第25話

今日は快気祝いをするから、早く帰って来ると朝早くに出た2人。大事な話もあるからと……。

洗濯物を干しながら、先に干されているタケルさんの洗濯物を見て、ため息が出る。

全然、一緒に洗うのに。嫌なのかな?こだわりがある?朝、何時に起きてるんだろう?尊さん…。

尊さんが本当にここへ越してきて1週間?10日くらいかな……?

まあ、ほとんど仕事でいないので、3人が揃うこともないんだけど、必ずどちらかが家にいてくれて、ひとりで過ごす夜が、なくなっていた。

私は、安心して過ごしているのだけど、声は……出ない。

「…………っ…」

出そうとすれば、出そうな気もするのだけど……。2人が仕事に行くと、いつも声を出す練習をする。2日目ぐらいから、声ってどうやって出してたのだろう、と分からなくなってしまった。

こんなままじゃ、頑張ってくれてる裕太兄にも尊さんにも会わせる顔がない。

洗濯物が終わり、掃除機をかける。朝のこのルーティーンは好きだ。何も考えなくて済む。ただ洗濯物を干して、掃除をする。そうしてると少し気がはれる。今の自分に向き合わなくてよくて、少しほっとする。


ピンポーン


珍しくインターホンがなる。

玄関まで行き、除き穴を見ると宅配便の人がいた。何か届くときは必ず裕太兄から話があるのだけど……聞き逃したかな……?チェーンをつけたまま戸を開ける。

「あの~ここって○○さんのお宅で間違いないですか?」


え、違う……それは二つ向こうの家だ。


と、声が出れば言えるけど……

とにかく、首を横にふって違うことをアピール。

「え、違うんですか……住所近いんだけどな……。」

どうしよう……伝えようが……

一度戸を閉めて玄関に置いてあったメモ帳を手に戸を開ける。

帰ろうとしていた配達員がもう一度振り返った。

私はメモに“右隣、二つ向こう”と書き、見せた。

「え……ああ、そうなんですね。最近担当になったばっかで、分からなくて。ありがとうございます」

いえいえ、こちらこそうまく伝えられなくて。と言えないので、首を横にふってお辞儀をする。

玄関の戸を開けて入ろうとする。

「あの……!」

声をかけられてもう一度振り返る。

「わざわざ出てきてもらって、ありがとう」

ペコリと今度は相手が頭を下げた。


いえいえ。


私もにっこり笑って会釈した。

スムーズにはいかないけど、出きることだってある。そう、尊さんも教えてくれたじゃない。ああ~、私ってすぐに落ち込む……、これじゃだめだ。

玄関に戻ると奮起する。

今日は大好きなグラタンを私が作る!マカロニとチーズがとろとろのグラタン。

冷蔵庫を見てみると、牛乳が少ないな…うーん、マカロニもないか。チーズはあるわけないっと。

よし!買い物に行きます!

勝手にいくと怒る人たちがたくさんいるので、Helpをあげて…尚惟ショウイ輝礼アキラ壽生ジュキのグループチャットに呼び掛けてみる。
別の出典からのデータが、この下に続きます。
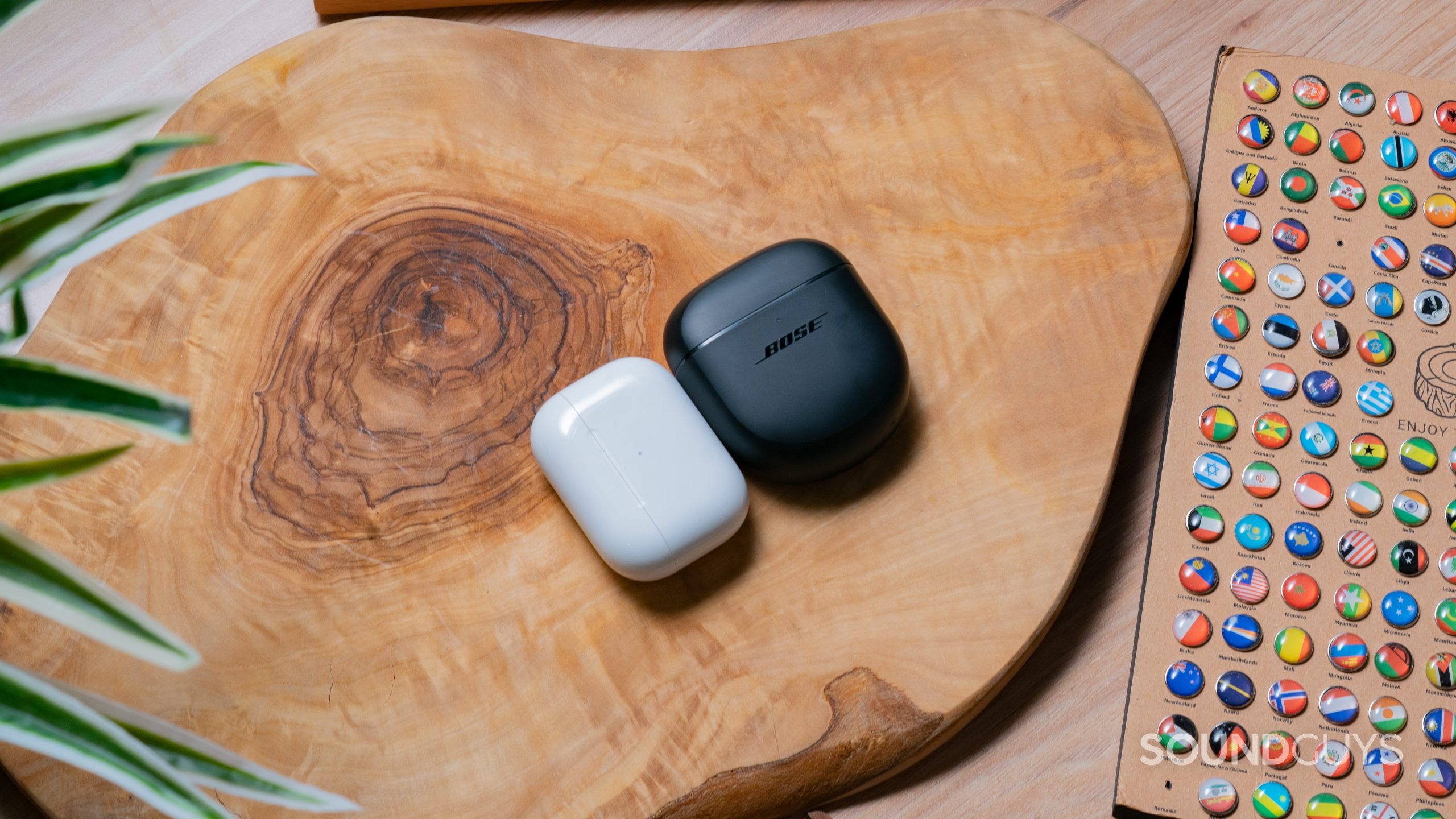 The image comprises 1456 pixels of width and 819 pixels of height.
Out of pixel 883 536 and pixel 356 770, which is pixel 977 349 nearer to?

二美子【忙しいところごめん、誰か買い物に一緒に行ってくれませんか?】


30分しても返事がなかったら、みんな忙しいってことだから、その時はひとりで行こうと決める。待っている間、トイレを掃除しようと移動しようとしたとき、ピコンとスマホがなる。


ウソ…


見ると輝礼だった。


輝礼【1限目終わったら行けるから】


早い返答にちょっと戸惑う。


二美子【分かった。大学まで行くね】


ピコン


輝礼【いや。家にいて。俺がいく】

返信を見つめながら、固まる。

なんだか…甘やかされております…。